First look at terraform

Terraform is client based like Ansible (which is good). Very cloud focussed and relies on Cloud API's to manage the infrastructure. This is good as it means you dont have to worry about authentication and ports etc but it does need to be a supported cloud vendor. You couldn't use it manage your own on-premise servers (presumably).

Example config file:

provider "aws" {
  access_key = "AKIAIFZVQTBBG3YF46LQ"
  secret_key = "SfEjiU0I2I7wxXQqbRWLPYCbEfdSxhI/4r44CgaV"
  region     = "us-east-1"
}

resource "aws_instance" "example" {
  ami           = "ami-2757f631"
  instance_type = "t2.micro"
}

> terraform init
> terraform apply
> terraform show 

Terraform is purely declarative.

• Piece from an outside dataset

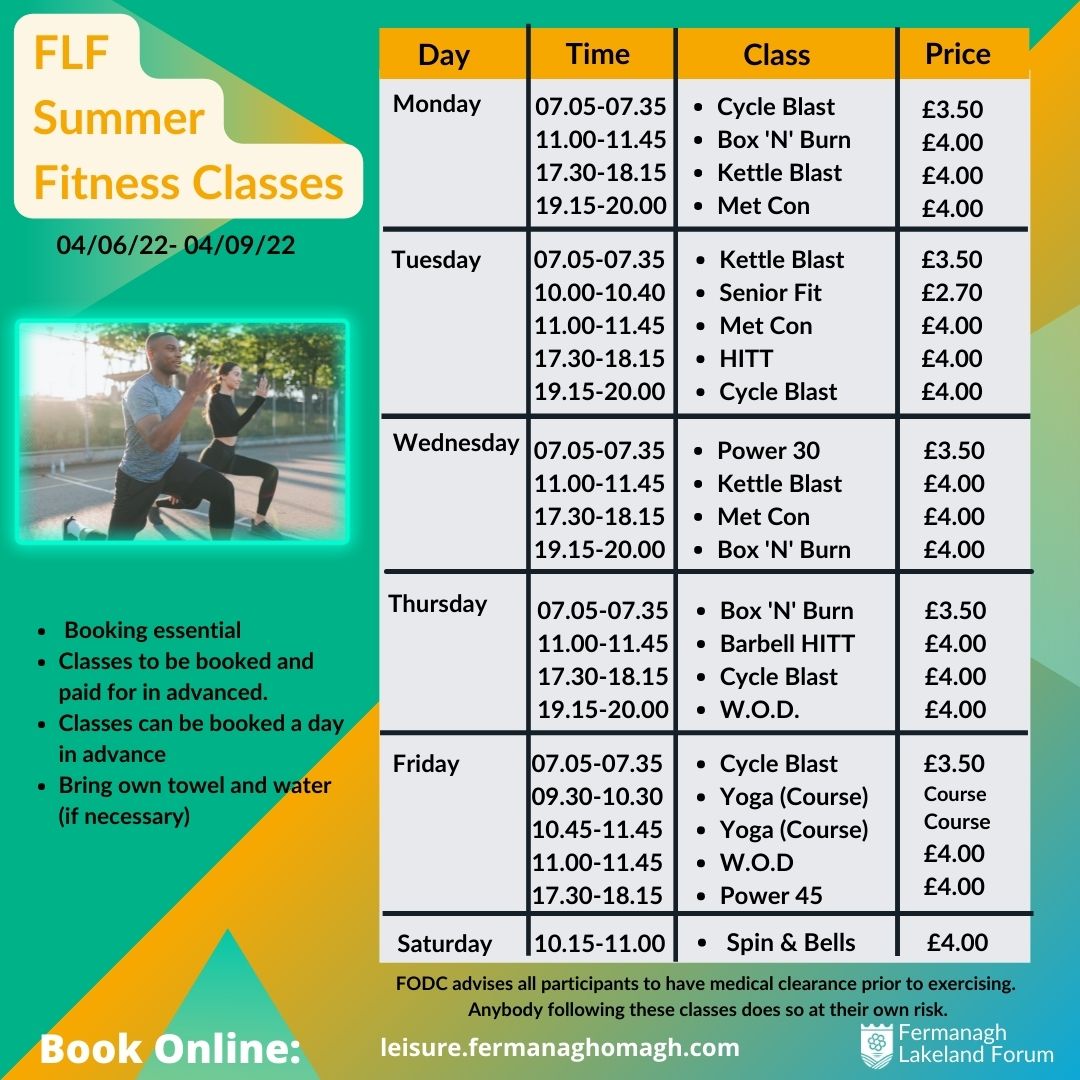 flf summer fitness classes 2022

Ansible IS declarative but you need to be disciplined as it can be used imperatively.

One blog calls Terraform an 'orchestration' tool with ansible being a more traditional configuration management tool.

Some changes can be done in-place (~) but others, an obvious one being an image change, require a replacement (+/-).

> terraform destroy

Implicit dependencies are used to determine the order in which resources are created, eg, a ref from an elastic IP to a machine. That is, Terraform will infer that the machine needs to be created first and then the EIP. This is in fact the preferred way, for other case an explicit 'depends_on' property can be used.

PROVISIONERS are custom scripts that are run once when the resource is created, they are therefore only suited bootstrapping a server and NOT suited to config management. If CM is needed, then it should be bootstrapped here. If provisioning fails, the resource is marked as TAINTED, not rollback but will be destroyed and recreated on the next execution plan.

Variables can be used for inputs and outputs.